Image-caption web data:
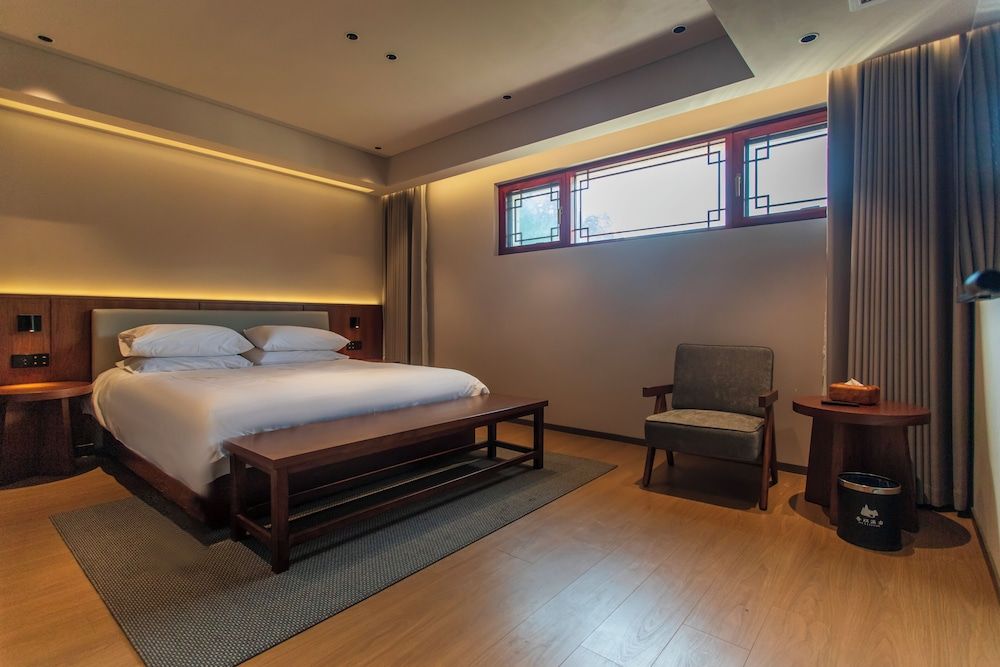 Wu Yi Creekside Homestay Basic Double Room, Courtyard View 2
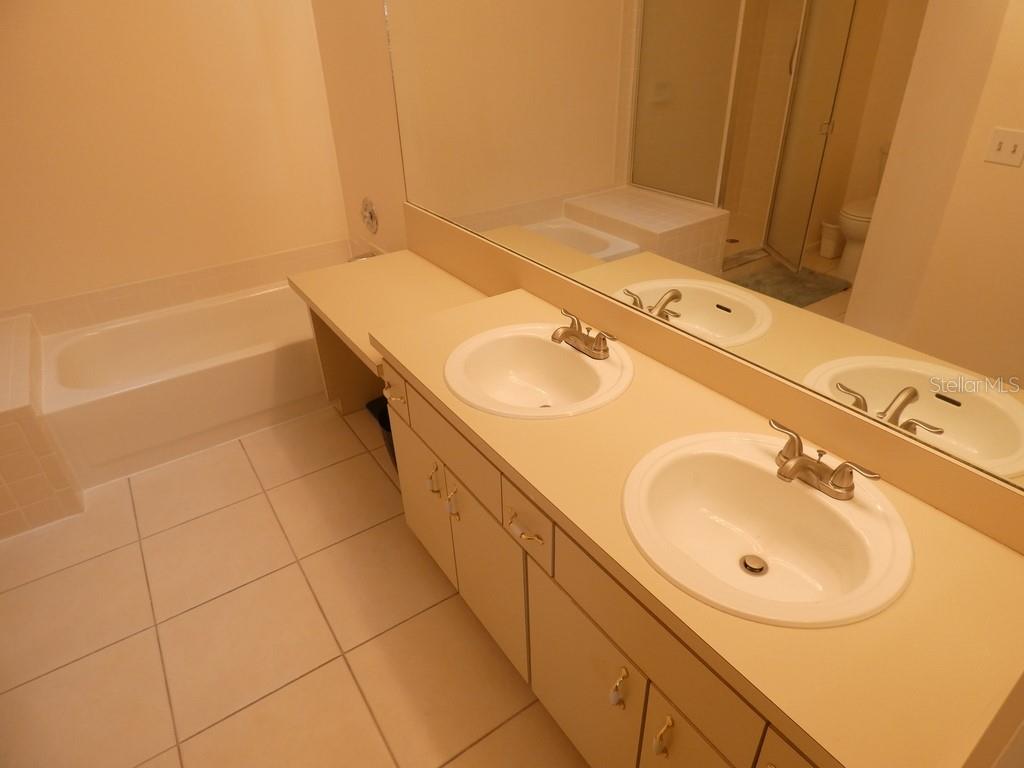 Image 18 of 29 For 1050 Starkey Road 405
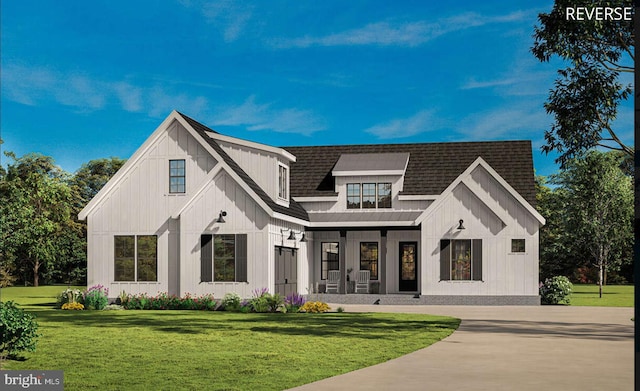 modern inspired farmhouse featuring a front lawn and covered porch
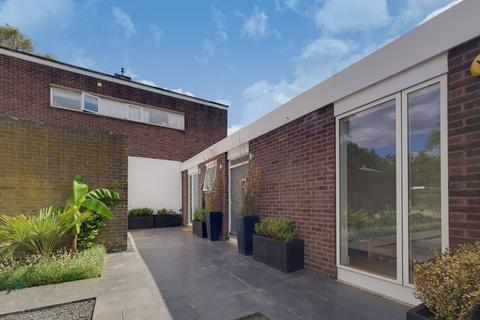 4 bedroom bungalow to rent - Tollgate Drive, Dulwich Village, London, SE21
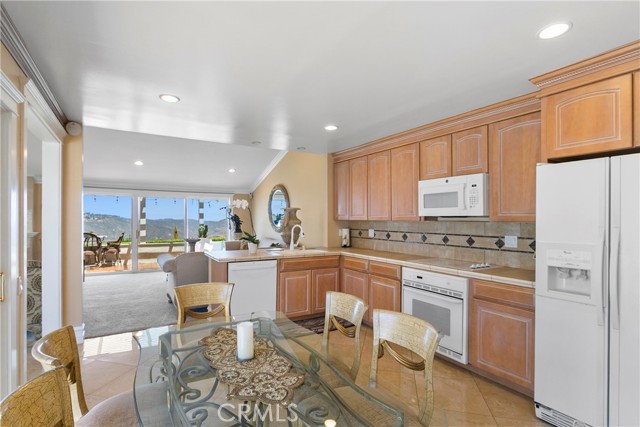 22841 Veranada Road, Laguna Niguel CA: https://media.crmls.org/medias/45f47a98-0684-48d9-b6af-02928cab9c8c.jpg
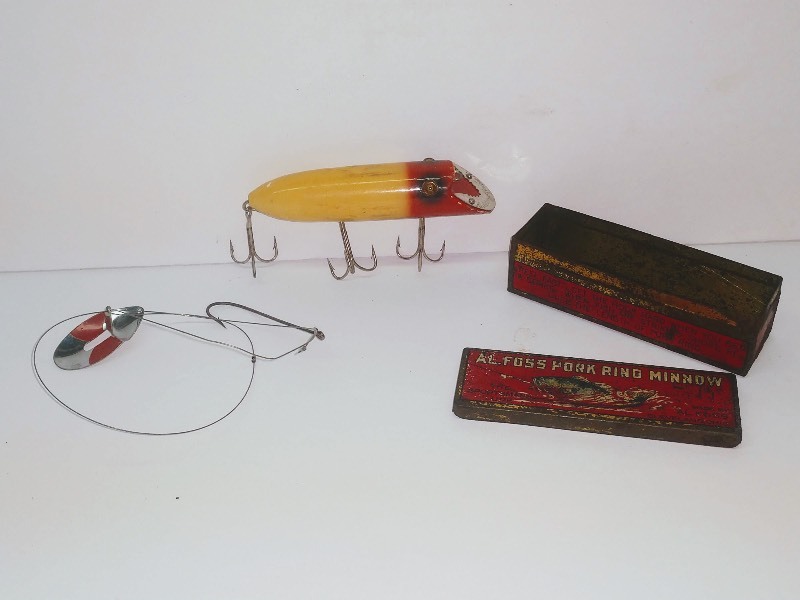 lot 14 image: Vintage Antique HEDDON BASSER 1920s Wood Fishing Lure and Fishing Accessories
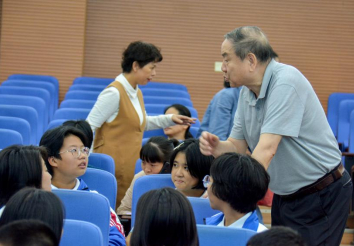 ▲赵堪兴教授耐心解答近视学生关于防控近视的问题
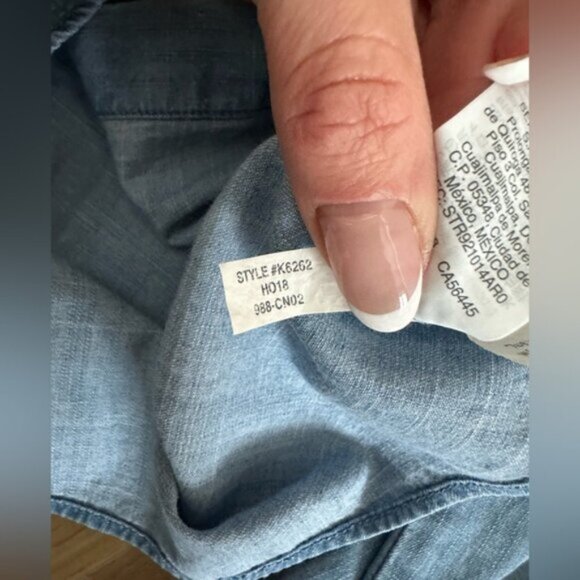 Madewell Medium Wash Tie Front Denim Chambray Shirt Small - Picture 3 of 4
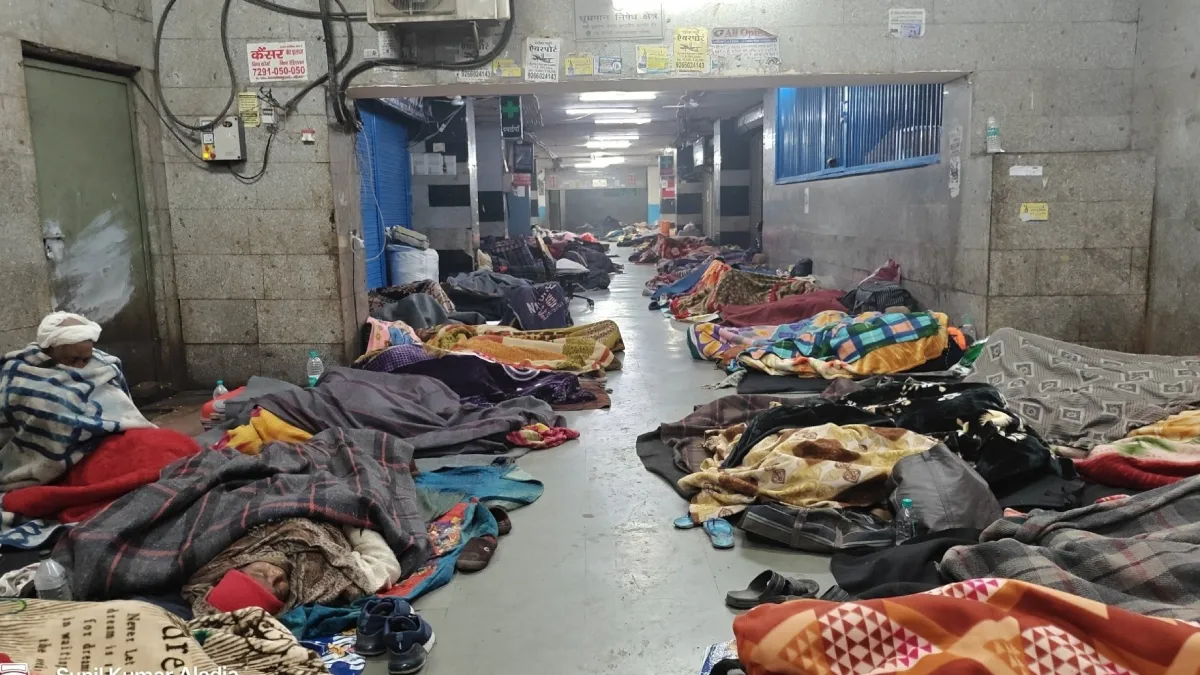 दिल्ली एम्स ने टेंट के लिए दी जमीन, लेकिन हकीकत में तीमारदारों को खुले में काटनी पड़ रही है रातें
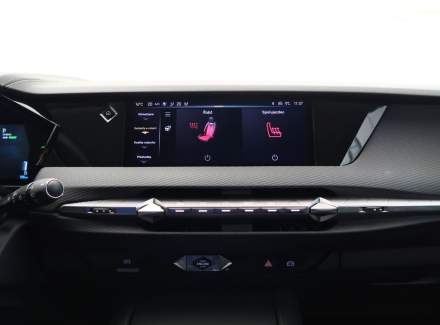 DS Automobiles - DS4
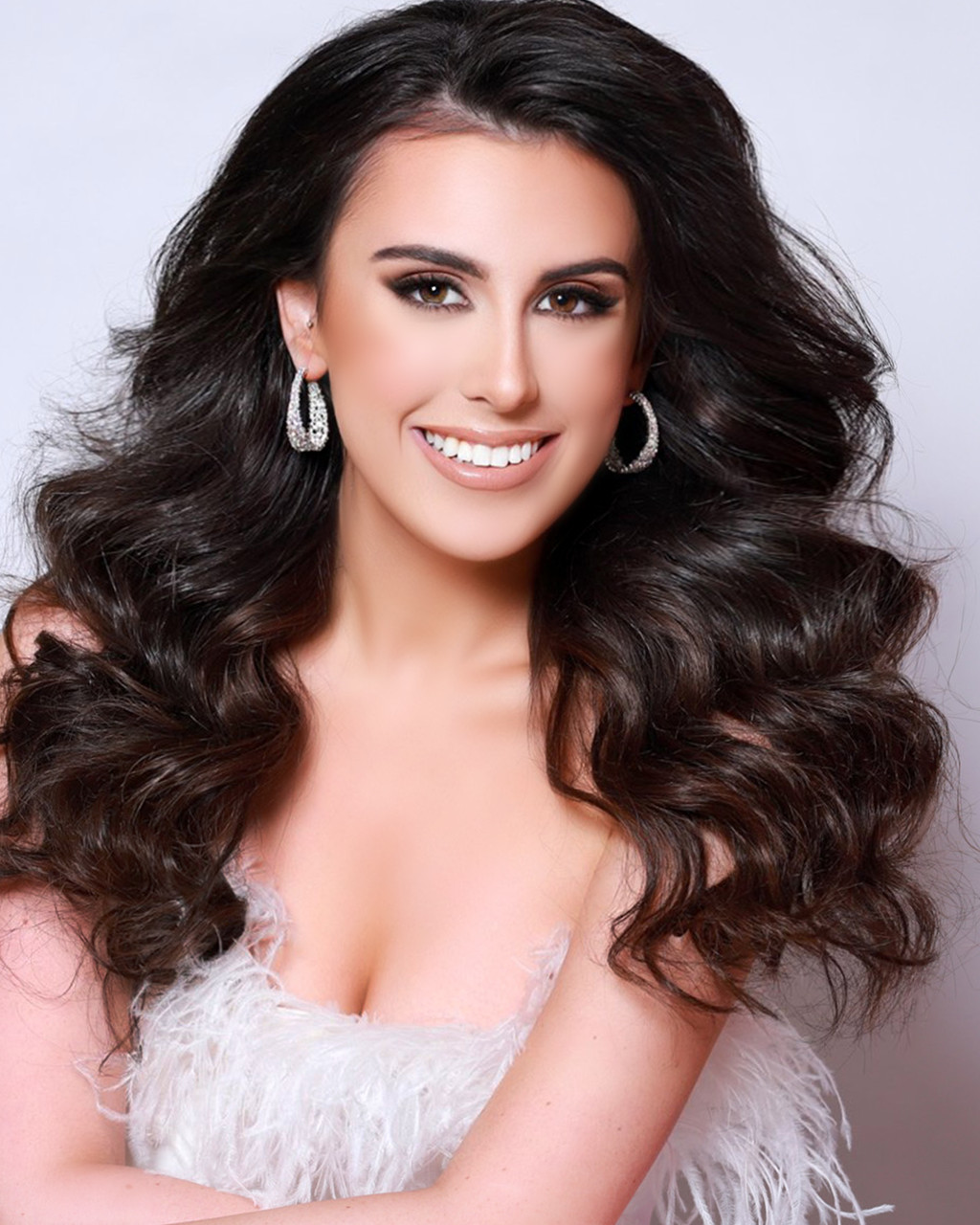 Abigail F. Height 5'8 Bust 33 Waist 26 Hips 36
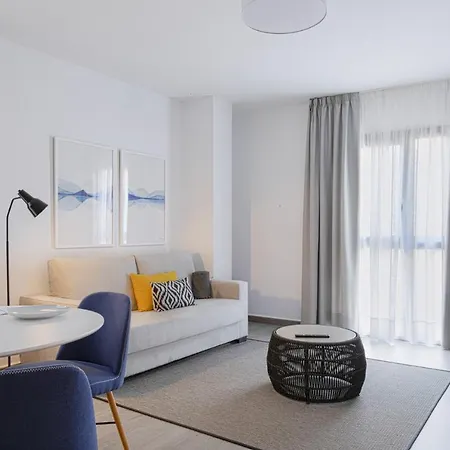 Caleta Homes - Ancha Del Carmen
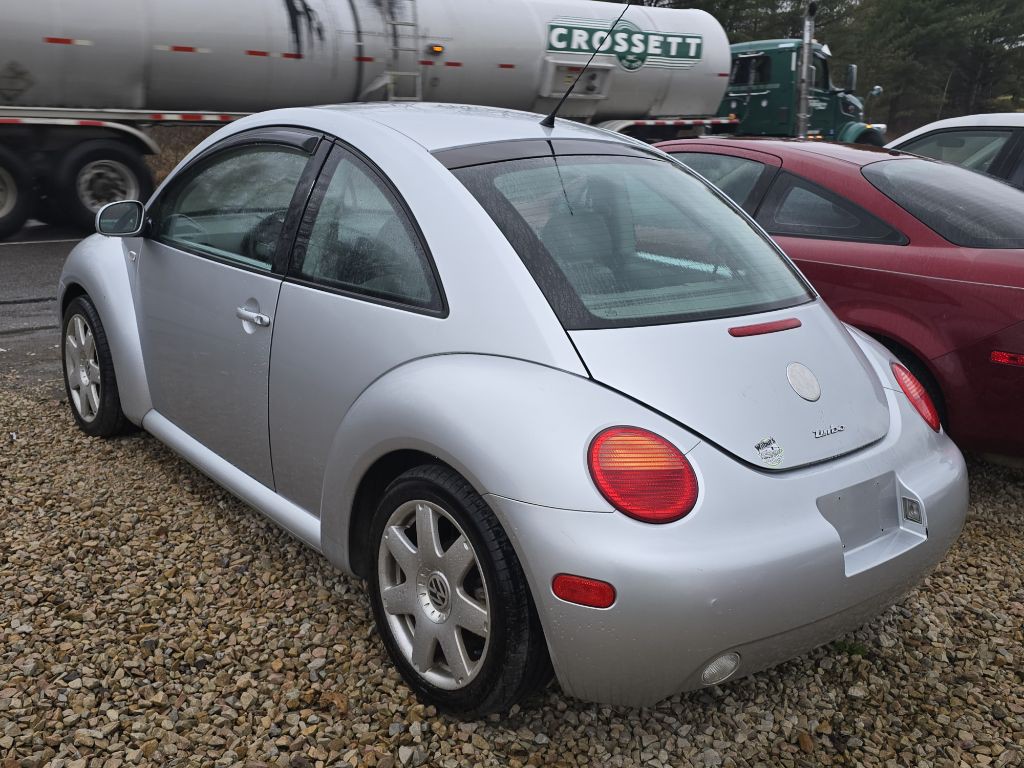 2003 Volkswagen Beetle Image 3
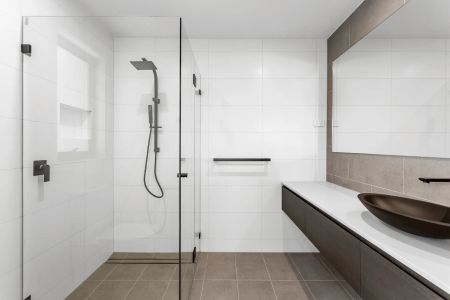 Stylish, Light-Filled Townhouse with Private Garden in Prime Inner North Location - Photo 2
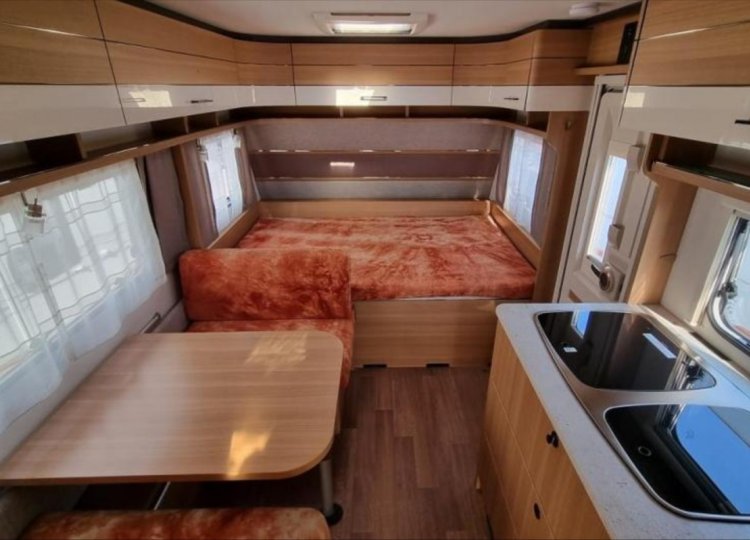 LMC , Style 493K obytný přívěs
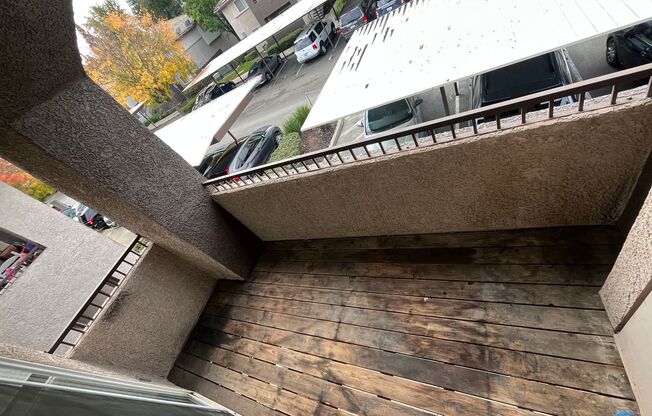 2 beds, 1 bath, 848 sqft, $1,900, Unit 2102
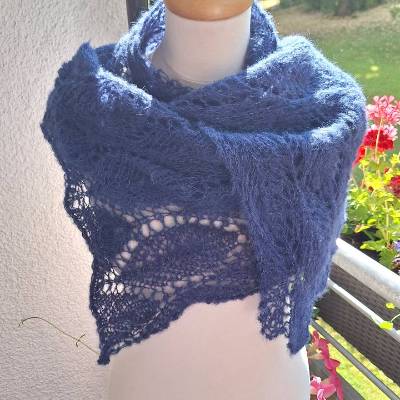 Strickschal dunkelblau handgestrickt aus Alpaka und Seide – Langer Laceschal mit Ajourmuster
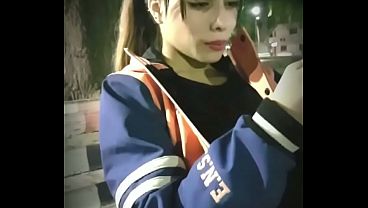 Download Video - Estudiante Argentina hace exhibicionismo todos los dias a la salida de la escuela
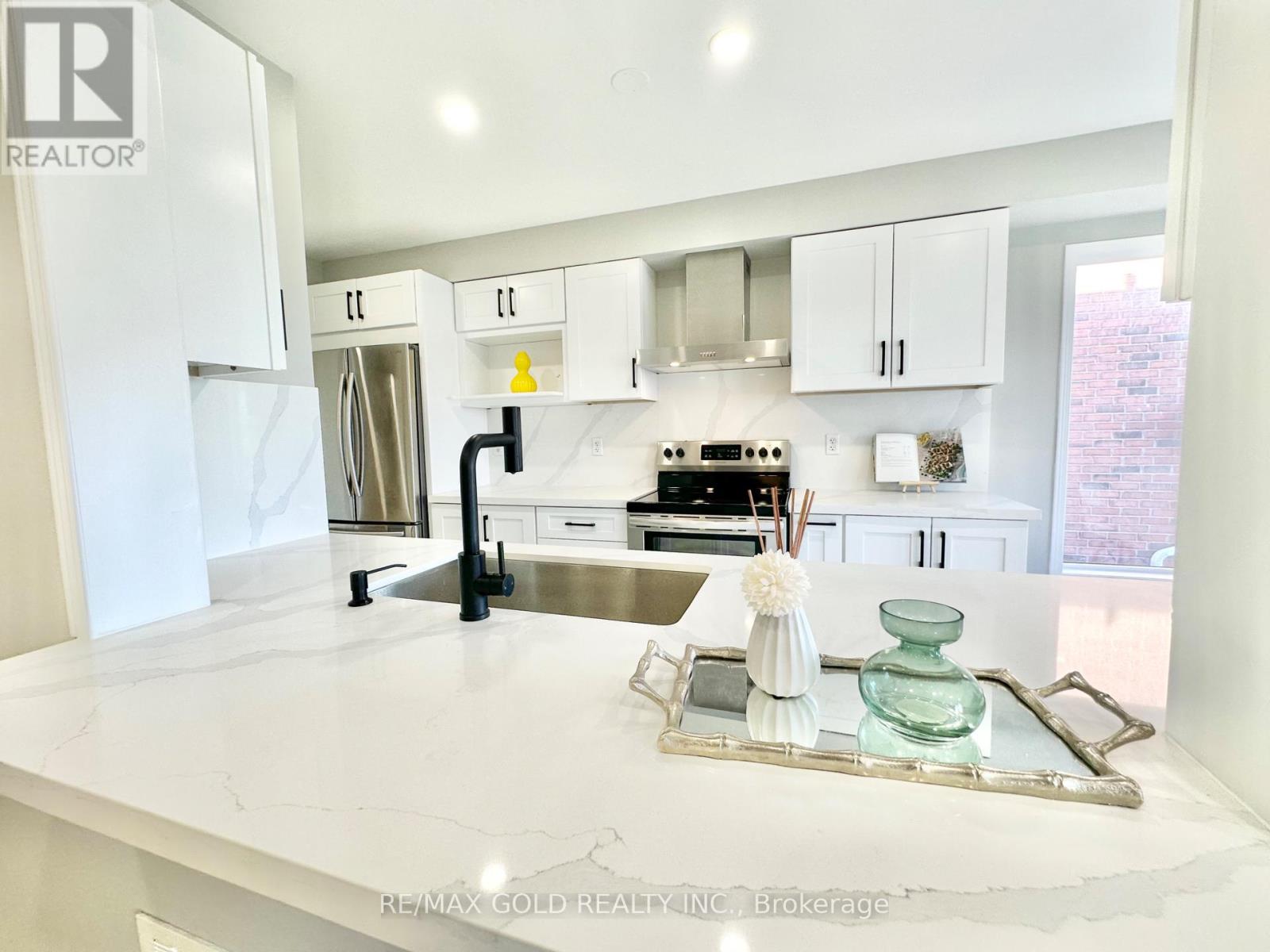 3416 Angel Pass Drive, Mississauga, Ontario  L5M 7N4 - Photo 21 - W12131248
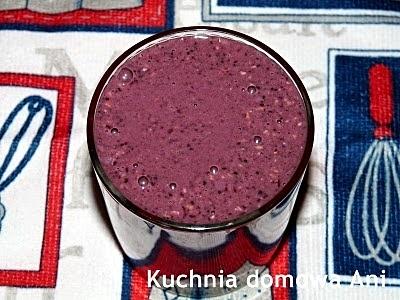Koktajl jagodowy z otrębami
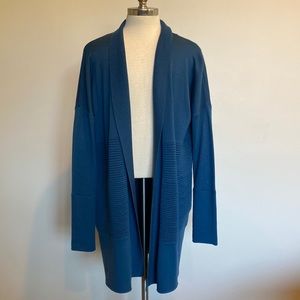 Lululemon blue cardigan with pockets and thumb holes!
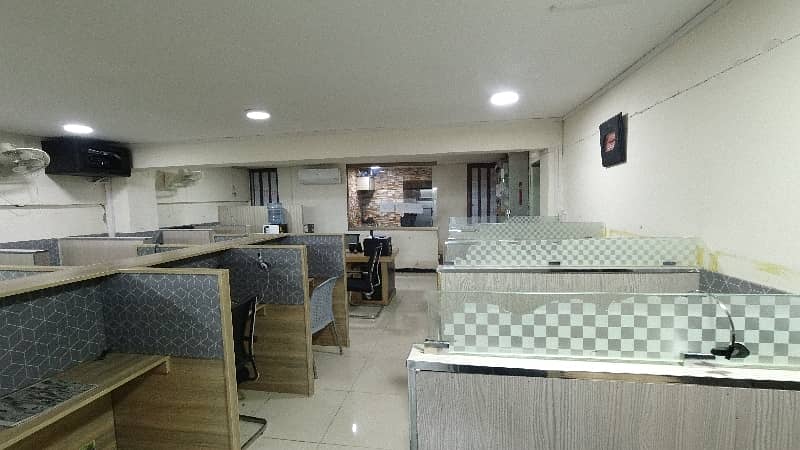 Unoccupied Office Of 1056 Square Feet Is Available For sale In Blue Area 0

◆ Problem to solve ◆
In the entries above, find the line containing "Stylish, Light-Filled Townhouse" and the line containing "Lululemon blue cardigan", then copy both and every line between them exactly, without any picture.

◆ Worked solution ◆
 Stylish, Light-Filled Townhouse with Private Garden in Prime Inner North Location - Photo 2
 LMC , Style 493K obytný přívěs
 2 beds, 1 bath, 848 sqft, $1,900, Unit 2102
 Strickschal dunkelblau handgestrickt aus Alpaka und Seide – Langer Laceschal mit Ajourmuster
 Download Video - Estudiante Argentina hace exhibicionismo todos los dias a la salida de la escuela
 3416 Angel Pass Drive, Mississauga, Ontario  L5M 7N4 - Photo 21 - W12131248
Koktajl jagodowy z otrębami
 Lululemon blue cardigan with pockets and thumb holes!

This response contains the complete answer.